- [Instructions for the task] Your copy should match the records exactly, except that no pictures appear in it.

- [Information supplied]
- - - - - - -
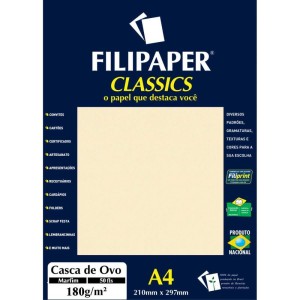 Papel A4 Casca De Ovo Marfim 180g.-005799-30976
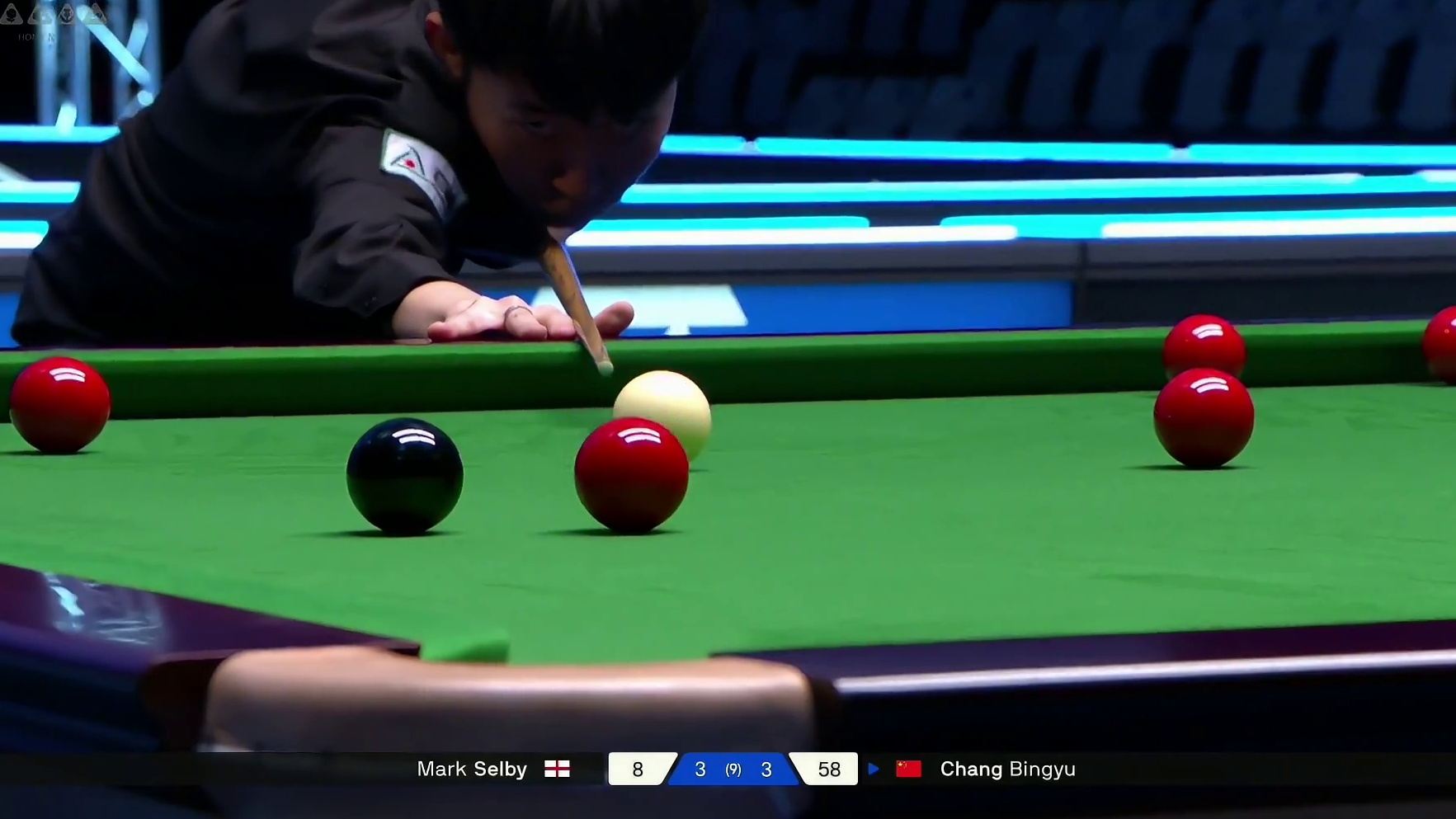 4—3决胜局来了！常冰玉横扫苏格兰公开赛，全清台完虐塞尔比！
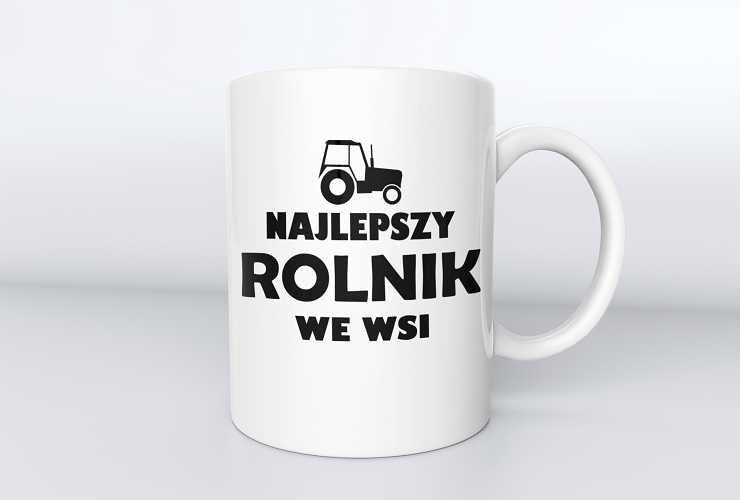 Kubek dla ROLNIKA Najlepszy Rolnik - na prezent, ceramiczny 330 ml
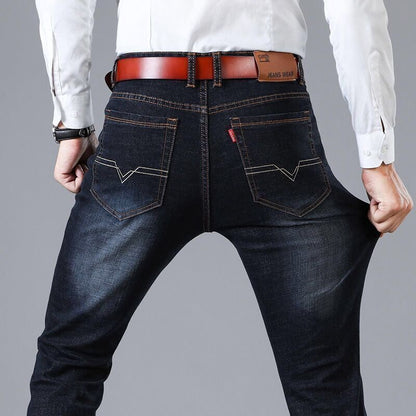 Meta Digital Store Jeans Elastic Men's Straight Tube Loose Casual Jeans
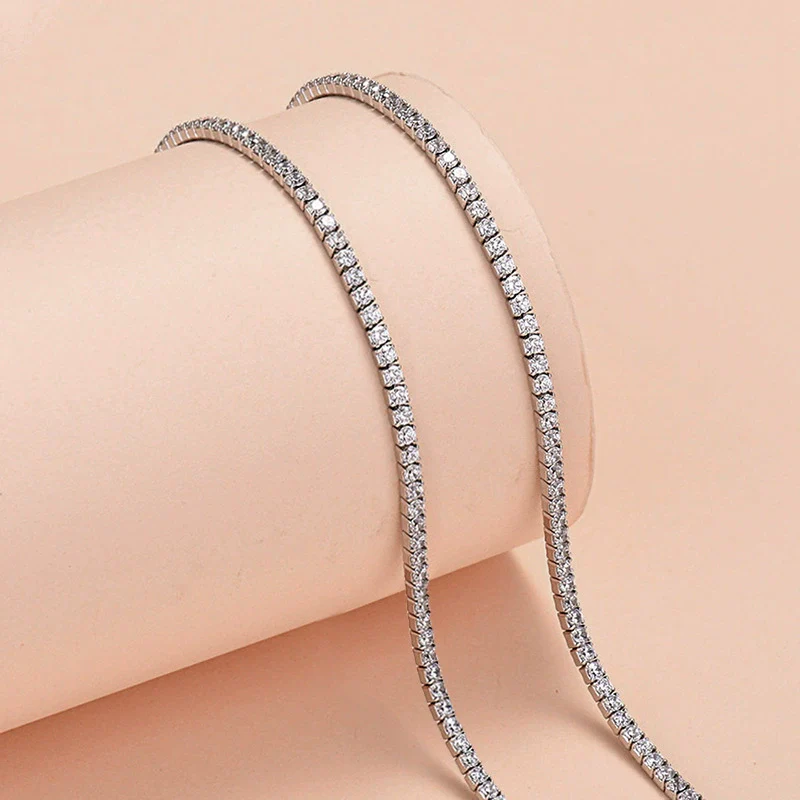 S925 Sterling Silver Geometric Zircon Women's Bracelet
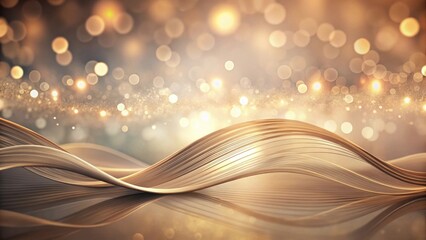 Wall Mural - elegant golden waves with sparkling background, perfect for luxury design projects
- - - - - - -
- [Problem solution]
 Papel A4 Casca De Ovo Marfim 180g.-005799-30976
 4—3决胜局来了！常冰玉横扫苏格兰公开赛，全清台完虐塞尔比！
 Kubek dla ROLNIKA Najlepszy Rolnik - na prezent, ceramiczny 330 ml
 Meta Digital Store Jeans Elastic Men's Straight Tube Loose Casual Jeans
 S925 Sterling Silver Geometric Zircon Women's Bracelet
 Wall Mural - elegant golden waves with sparkling background, perfect for luxury design projects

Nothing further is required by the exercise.